**DATA PROVIDED:**
□ □ □ □ □
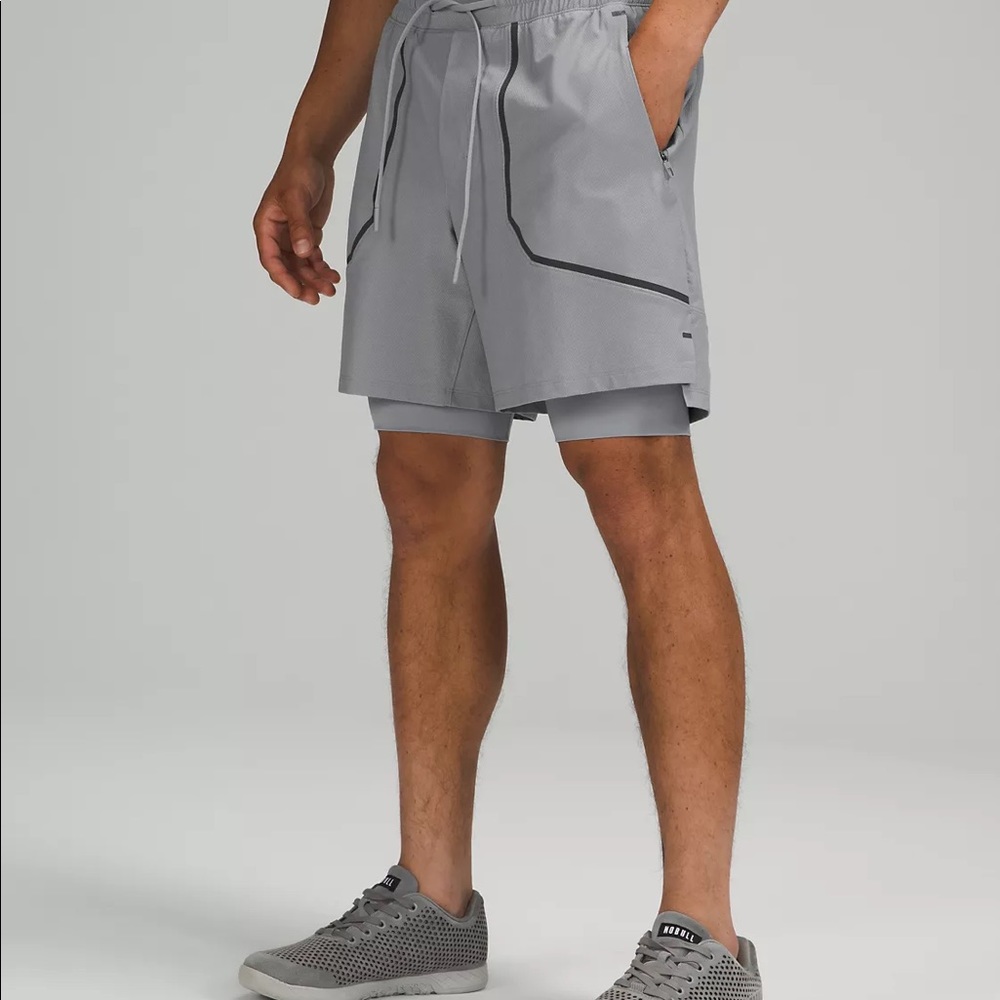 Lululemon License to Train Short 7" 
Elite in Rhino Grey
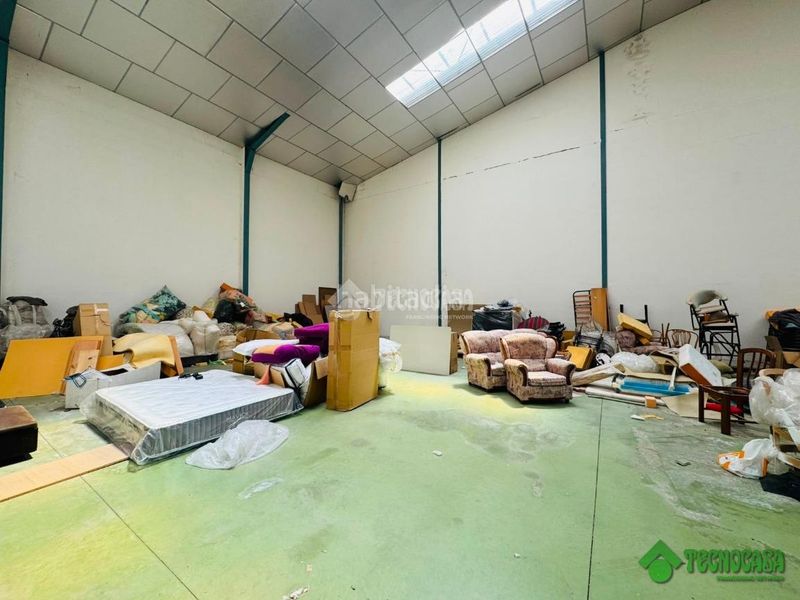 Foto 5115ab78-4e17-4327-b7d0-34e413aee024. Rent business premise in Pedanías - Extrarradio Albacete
□ □ □ □ □
**WORK INSTRUCTION:** The listing is to be repeated word for word, with all pictures omitted.

**OUTPUT:**
 Lululemon License to Train Short 7" 
Elite in Rhino Grey
 Foto 5115ab78-4e17-4327-b7d0-34e413aee024. Rent business premise in Pedanías - Extrarradio Albacete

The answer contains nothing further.